November 19, 2015
Feed Thy Soul
When of thy earthly goods
Thou art bereft
And in thy hand
Two coins are left
Buy bread
And with the dole
Buy hyacinths
To feed thy soul.
Muslihuddin Sadi
13th Century Persian Poet
(slightly paraphrased)
My mother gave me this poem on my 16th birthday, along with a hyacinth bulb, a note of instructions on how to care for it, a pot with soil, and a change in house rules allowing me complete freedom of movement (just bring the car home by 7 am) and a raise in allowance on the condition that I buy all my own clothes. I was a grown-up. I could take poetry. Best gift of my life. I still grow hyacinths. Guess why.
Happy trials, Martin
November 13, 2015
20 Days and Counting
We've been without running water here in Messina for twenty days. The aqueduct (a big tube) broke and well, tough shit. You'd think they could fix it, but they say it's on a slope that's sliding downhill so it'll take months. You'd think they could find a temporary solution, a bypass or something, but they're finding that near impossible as well. It keeps breaking. You'd think they would work round the clock, but they keep losing days of work because they can't get the bureaucrat's permission or whatever. You'd think the leaders would rise to the occasion, but they're passing the buck and running for cover. The news is unreliable. One thing we know: the faucets are dry.
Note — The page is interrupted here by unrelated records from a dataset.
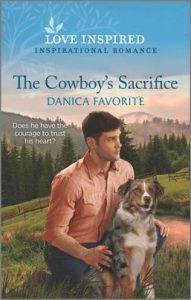 The Cowboy's Sacrifice by Danica Favorite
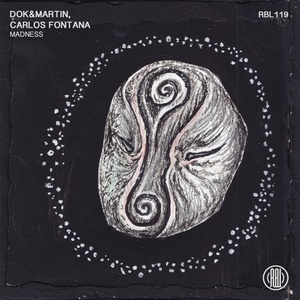 Carlos Fontana, Dok & Martin - Madness [RBL119]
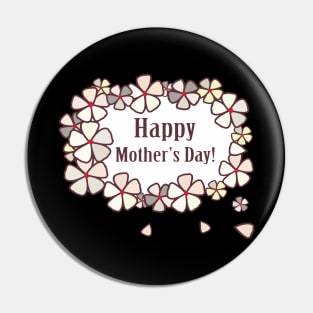 Happy Mother's Day Pin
Imagine it if you can. No flushing, no showers, no drinking, no cooking, no dish-washing, no clothes-washing, no water for bars and restaurants to cook with, no water in schools and public buildings for the toilets, imagine the sick and elderly, the large families, the stink, the filth, the risk of epidemic. All the plastic bottles of bought water, will they be recycled? All the 10 and 20 liter jugs, bought for anywhere from 3 euros to 18 each, will they ever be used again? Of course they will. The system is broken, a bandaid won't fix it. This happens almost every year, just not for so long.
Actually, we've had a tiny bit of water in our building because an Army water truck filled our tank a couple times. We also bought a lot of water (ya think someone's making big bucks on our suffering?), and we've learned some things in these weeks.
It is possible to shower and shampoo from a 1.5 liter bottle.
Washing dishes by hand in the sink takes several liters but can be done.
The washing machine, however, doesn't work without water.
When you wash your hands from a bottle, one hand soaps the other pours, rinse, repeat.
Tempers flare in times of crisis. Duh.
All the managers and politicians involved should just quit regardless of demonstrable culpability. We are sick of you.
That huge chunk of the world that never has running water and us are closer now. Not feeling it, but feeling it.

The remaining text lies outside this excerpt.